Categorical Variables With More Than Two Categories

The Mechanics of Categorical Variables
With More Than Two Categories
Gerard E. Dallal, Ph.D.

Categorical variables with only two categories can be included in a multiple regression equation without introducing complications. As already noted, such a predictor specifies a regression surface composed of two parallel hyperplanes. The sign of the regression coefficients determines which plane lies above the other while the magnitude of the coefficient determines the distance between them.
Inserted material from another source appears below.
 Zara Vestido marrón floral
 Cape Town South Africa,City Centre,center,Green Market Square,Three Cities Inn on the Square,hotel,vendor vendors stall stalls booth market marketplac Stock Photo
When a categorical variable containing more than two categories is place in a regression model, the coding places specific contstraints on the estimated effects. This can be seen by generalizing the regression model for the t test to three groups. Consider the simple linear regression model

Y = b₀ + b₁ X where X is a categorical predictor taking on the values 1,2,3, that is, X is either 1, 2, or 3, but the numbers represent categories, such as country, diet, drug, or type of fertilizer. The model gives the fitted values

Y = b₀ + b₁ for the first category
Y = b₀ + 2 b₁ for the second category
Y = b₀ + 3 b₁ for the third category

The model forces a specific ordering on the predicted values. The predicted value for the second category must be exactly half-way between first and third category. However, category labels are usually chosen arbitrarily. There is no reason why the group with the middle code can't be the one with the largest or smallest mean value. If the goal is to decide whether the categories are different, a model that treats a categorical variable as though its numerical codes were really numbers is the wrong model.
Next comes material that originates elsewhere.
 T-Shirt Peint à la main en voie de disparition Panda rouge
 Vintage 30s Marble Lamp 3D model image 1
One way to decide whether g categories are not all the same is to create a set of g-1 indicator variables. Arbitrarily choose g-1 categories and, for each category, define one of the indicator variables to be 1 if the observation is from that category and 0 otherwise. For example, suppose X takes on the values A, B, or C. Create the variables X₁ and X₂, where X₁ = 1 if the categorical variable is A and X₂ = 1 if the categorical variable is B, as in

  X   X1   X2
  A    1    0
  B    0    1
  A    1    0
  C    0    0

  and so on...

The regression model is now

Y = b₀ + b₁ X₁ + b₂ X₂ and the predicted values are

Group A: Y = b₀ + b₁ 1 + b₂ 0 = b₀ + b₁
Group B: Y = b₀ + b₁ 0 + b₂ 1 = b₀ + b₂
Group C: Y = b₀ + b₁ 0 + b₂ 0 = b₀

The hypothesis of no differences between groups can be tested by applying the extra sum of squares principle to the set (X₁,X₂). This is what ANalysis Of VAriance (ANOVA) routines do automatically.